Well C:\hello match both C:/hello and c:\hello but not C:\helloa? This behavior will look reasonable to me, though I should note that GCC does something similar to startswith.

Maybe we should tell them (https://gcc.gnu.org/pipermail/gcc/2020-March/) that we will match path components.

saudi added a comment.Mar 26 2020, 2:57 PM

Well C:\hello match both C:/hello and c:\hello but not C:\helloa? This behavior will look reasonable to me, though I should note that GCC does something similar to startswith.

Maybe we should tell them (https://gcc.gnu.org/pipermail/gcc/2020-March/) that we will match path components.

The examples you gave (C:\hello matching both C:/hello and c:\hello) is what I would like to do as a next step, in another patch, and would be only when compiling on Windows.

But indeed, this patch changes the behavior and matches entirely the last component for macro/debug prefix replacement : -fdebug-prefix-map=C:\hello=xxx would not replace C:\helloa anymore
This is because replace_path_prefix 's strict param is set to true in those cases.

Note that this was originally done in D49466 and got reverted because of the breaking Windows tests.
I restored it, but this change of behavior is not really required for the next step I was mentionning.

saudi updated this revision to Diff 253917.Mar 31 2020, 9:49 AM

Update patch, where I removed the change of behavior (not using the strict mode of replace_path_prefix).
We can change that behavior separately in a later commit.

I also fixed and added a unit test for replace_path_prefix, for a failing scenario discovered running the regression tests.

saudi updated this revision to Diff 253924.Mar 31 2020, 10:27 AM

Added checks for empty map to avoid unneeded string copies.

MaskRay accepted this revision.Mar 31 2020, 10:47 AM

LGTM.

clang/test/Preprocessor/file_test.c
10–12

Thanks for making win/non-win separated. This is clearer.

This revision is now accepted and ready to land.Mar 31 2020, 10:47 AM
saudi updated this revision to Diff 256290.Apr 9 2020, 7:40 AM

Update patch after the simplifications done in D77223.

I'm modifying this patch to also include step 3) as described in D77223 : make the Windows version of replace_path_prefix case and separator insensitive.

Without the separator-insensitive part, the regression test CHECK-REMOVE in file_test_windows.c would fail.
This is because the generated code contains both cases of separators after the prefix (\ the .c file, and / for the .h file).

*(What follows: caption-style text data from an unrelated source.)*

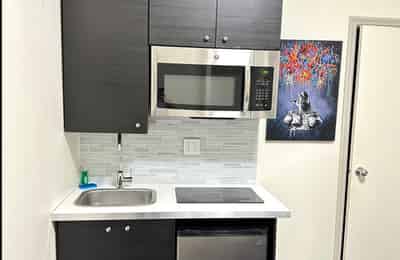 Union Square, New York - New York City, New York, United States - Studio - Kitchen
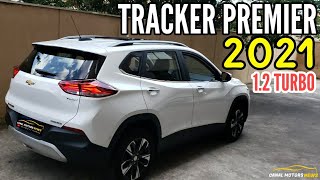 TRACKER PREMIER 2021 PREÇO E AVALIAÇÃO  TRACKER 2022 GANHA CENTRAL MUTMÍDIA C ESPELHAMENTO SEM FIO [upl. by Jegar304]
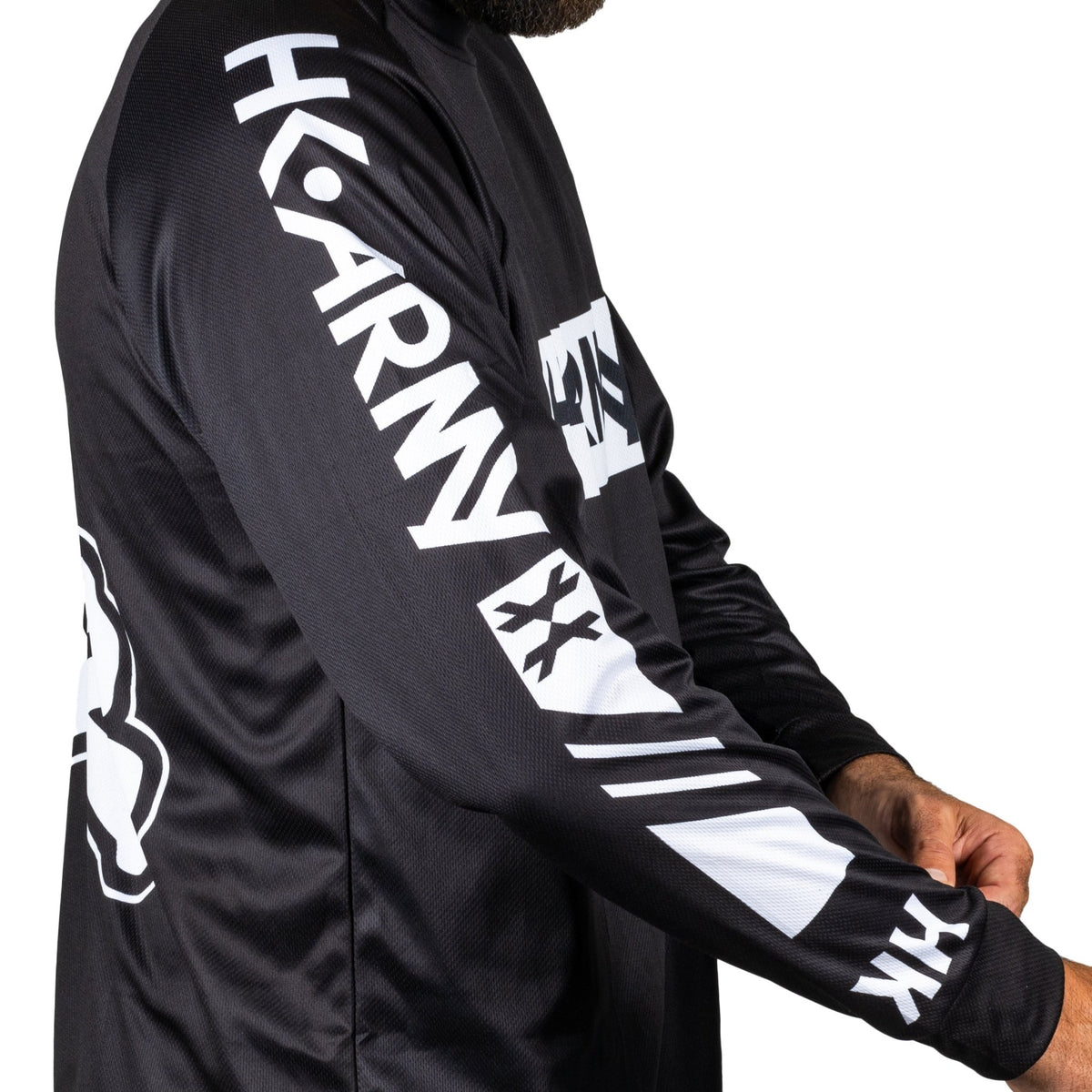 OG Skull DryFit Longsleeve Jersey - KA Tech Airsoft - Jersey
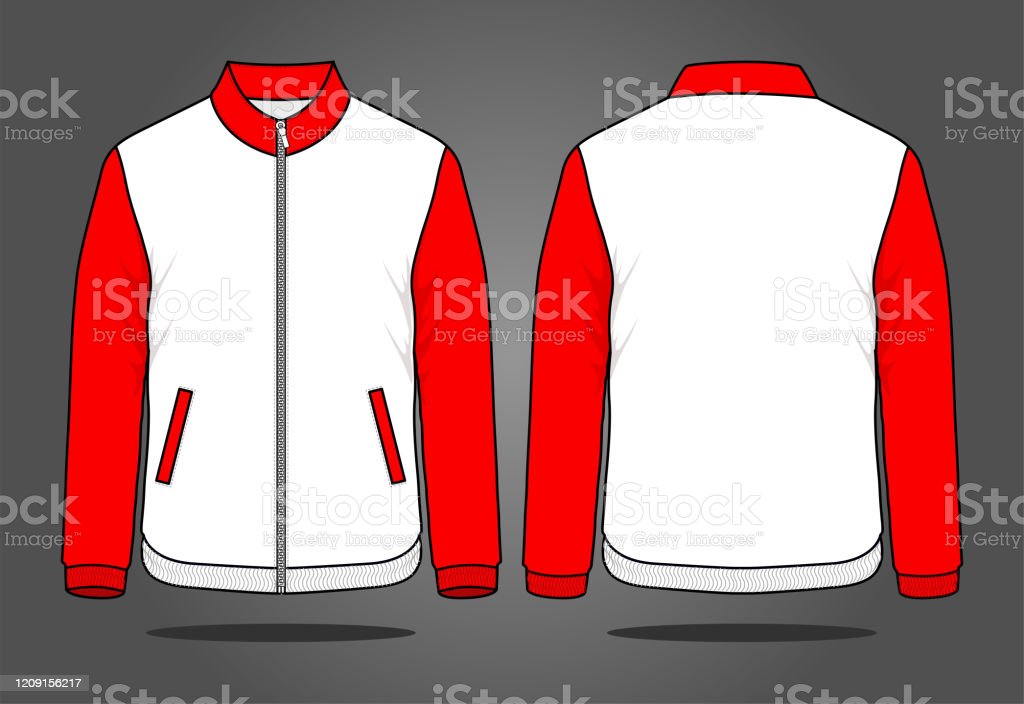 Detail Jaket Putih Merah Nomer 45
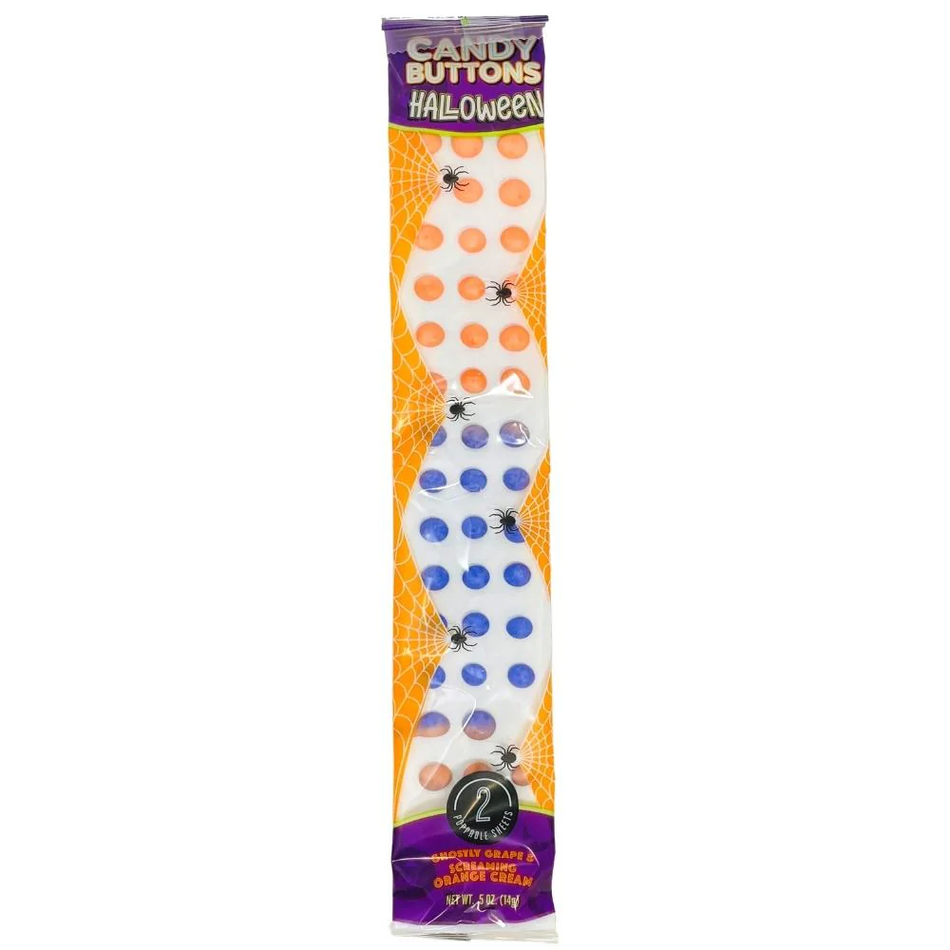 Candy Buttons Halloween  - .5oz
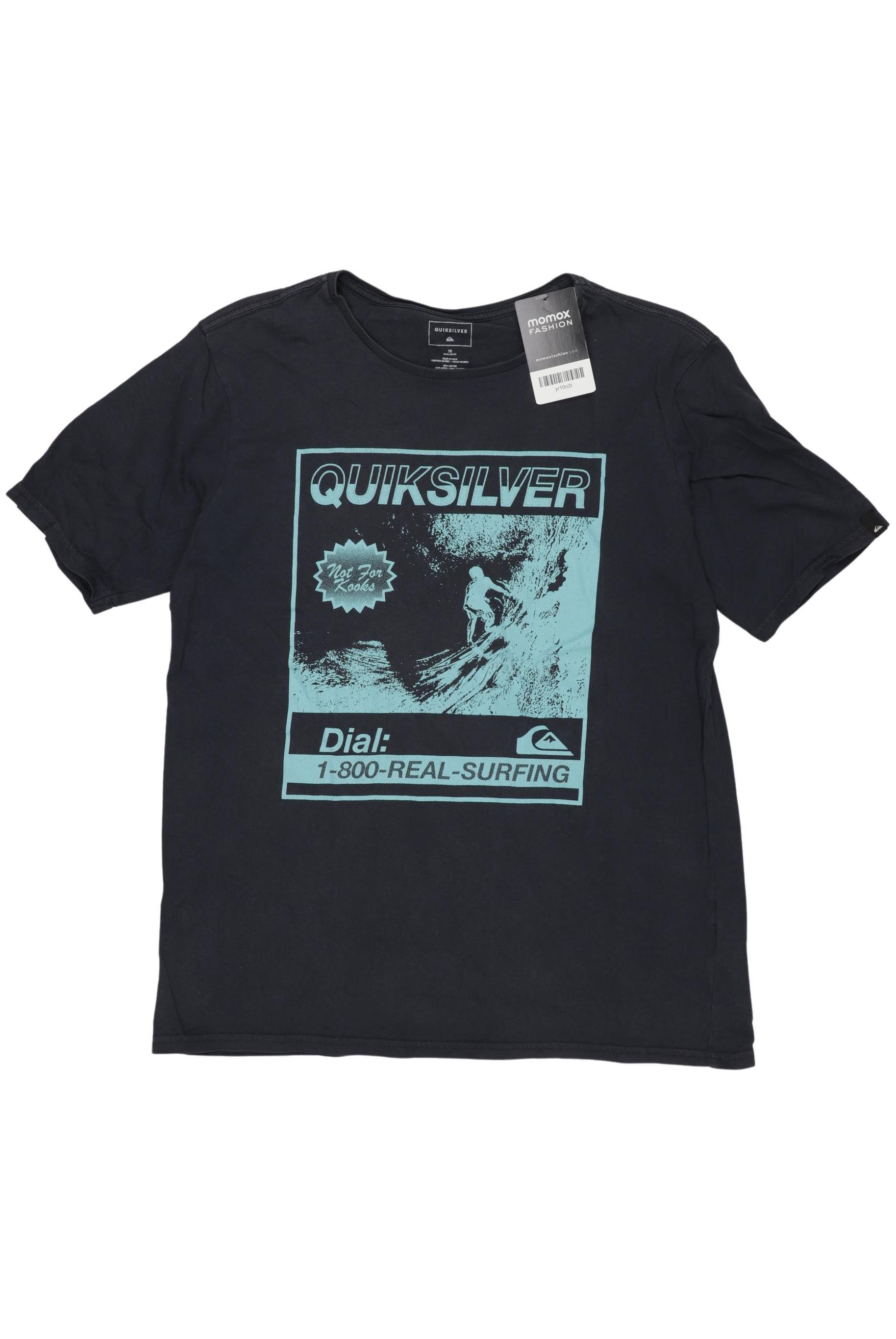 

Quiksilver Herren T-Shirt, grau, Gr. 176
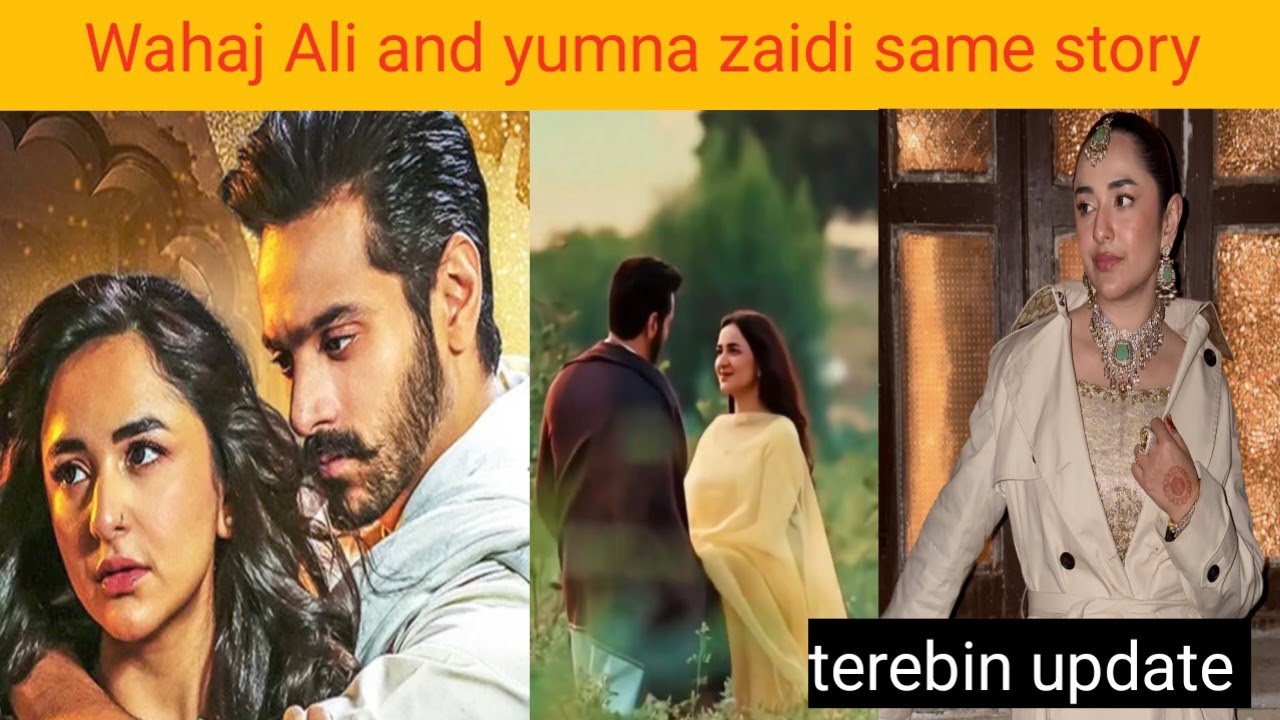 Wahaj Ali and yumna zaidi same story | terebin update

saudi requested review of this revision.Apr 9 2020, 7:45 AM
saudi added a comment.Apr 16 2020, 6:42 AM

Ping!

I had to do some modifications after the patch was accepted, since a test was broken. See the comment with my last update.

saudi added a comment.EditedApr 28 2020, 11:39 AM

Ping - @MaskRay would you have time to take a quick look, please?

Herald added a project: Restricted Project. · View Herald TranscriptApr 28 2020, 11:39 AM
MaskRay added inline comments.Apr 28 2020, 4:01 PM
clang/test/Preprocessor/file_test_windows.c
13

Can {{/|\\\\}} be simplified?

18

ditto

saudi added inline comments.Apr 29 2020, 7:26 AM
clang/test/Preprocessor/file_test_windows.c
13

Yes, however it would be /, which looks odd as compared to the line above that uses \ for the file_test_windows.c file.
This is because of how the include file full paths are resolved, where / are introduced.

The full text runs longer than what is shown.